The Fields of Death
- First edition
- Author: Simon Scarrow
- Cover artist: Tim Byrne
- Language: English
- Series: Wellington and Napoleon Quartet
- Genre: Historical novel
- Publisher: Headline Review
- Publication date: 24 June 2010
- Publication place: United Kingdom
- Media type: Print (hardback)
- Preceded by: Fire and Sword

= The Fields of Death =

2010 novel by Simon Scarrow

The Fields of Death is the fourth and final novel in the Wellington and Napoleon Quartet by Simon Scarrow, which tells the story of the French Revolution and the Napoleonic Wars from the point of view of Sir Arthur Wellesley (the future Duke of Wellington) and Napoleon Bonaparte.

==Plot==
The book covers the time period between April 1809 and 1815, the climax of the conflict at the Battle of Waterloo.

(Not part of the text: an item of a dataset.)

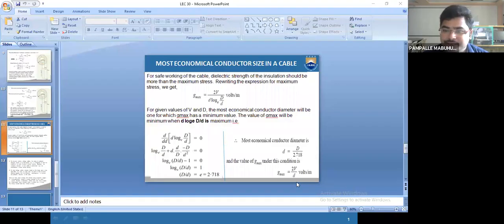Now let us see today's problems. We are going to solve numerical problems on insulation resistance, dielectric stress, and capacitance of a single core cable. Upon completion of this lecture, you can solve numerical problems related to insulation resistance, dielectric stress, capacitance of a single core cable, and also calculate the most economical conductor diameter of a cable.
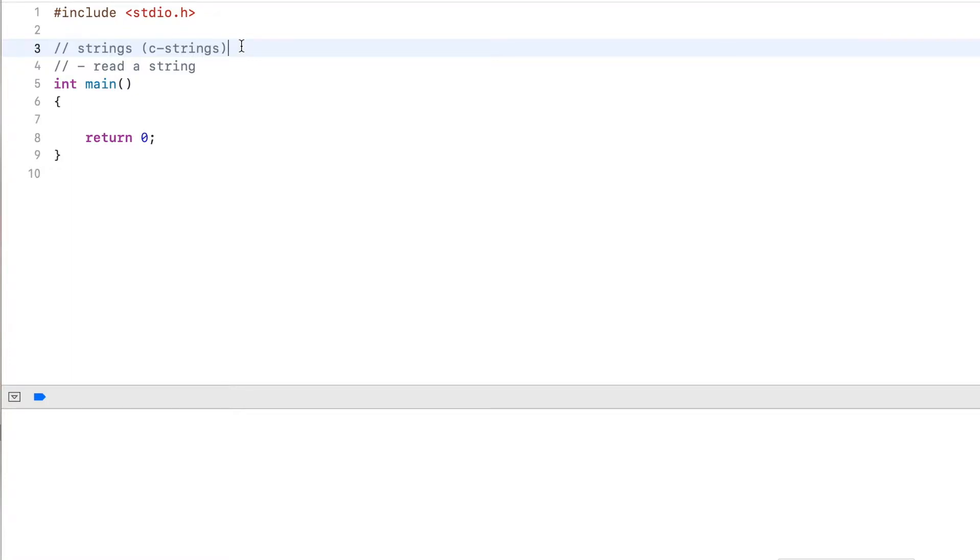Hi guys, in this video, I show you how to read a C string from the console into a variable.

At the start of the novel, Napoleon is facing increasing pressure as his marshals are repeatedly defeated by Arthur Wellesley, leading the allied armies of Britain and Spain. The plot of the novel revolves around Napoleon's wars in central Europe and failed invasion of Russia, as his armies rapidly lose men and their reputation for invincibility. Running parallel to this story, Arthur Wellesley is leading the allied forces to victory in the Peninsular War, before invading Southern France. The novel ends with Napoleon and Wellington finally meeting in battle at Waterloo.